First and foremost, I stopped doing a lot of things that I’d been doing for decades. I stopped managing teams of people responsible for writing system software — what I’d done for much of my career. I stopped working sixteen hour days. I stopped commuting to San Francisco on the train for three hours a day to work at a startup. I stopped sleeping an average of four hours a night, tossing and turning at 3:00 AM, worried about a project or an employee or a bug. I stopped taking calls in the middle of the night from the operations team that ran our cloud services.
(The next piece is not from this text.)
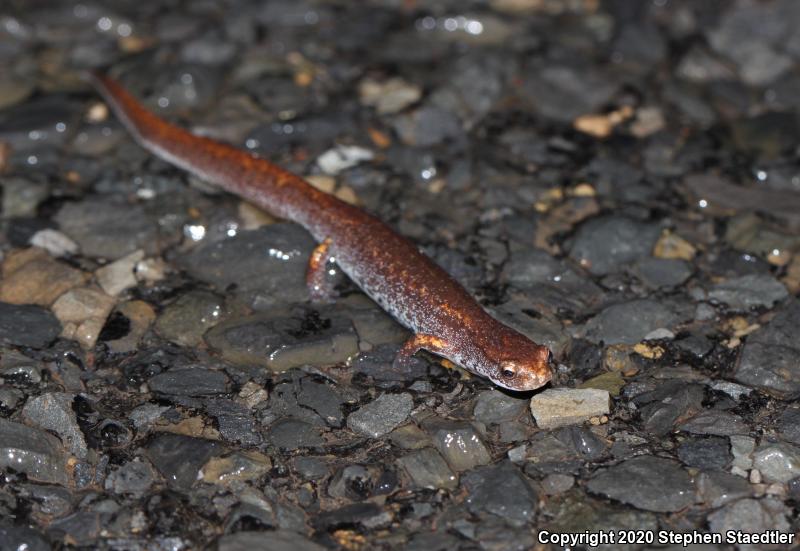 Four-toed Salamander (Hemidactylium scutatum)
I stopped reading and responding to several hundred pieces of email a day. I stopped going to release planning meetings and war room meetings. I stopped arguing about budgets, people reviews, raises, diversity, employee morale, recruiting, attrition, office space, stock grants, leadership development programs, layoffs, office politics, and a dozen other topics.
I stopped looking at incoming bug reports. I stopped listening to customer complaints about quality issues. I stopped arguing with product managers about feature priorities and with project managers about deadlines. I stopped talking to salespeople about what features I absolutely had to implement in the next release because they’d already promised it to a “strategic” customer and next quarter’s numbers depend on it. I stopped talking to marketing people about why our products are the coolest on the planet and which audiences they should target. I stopped talking to industry analysts and reporters.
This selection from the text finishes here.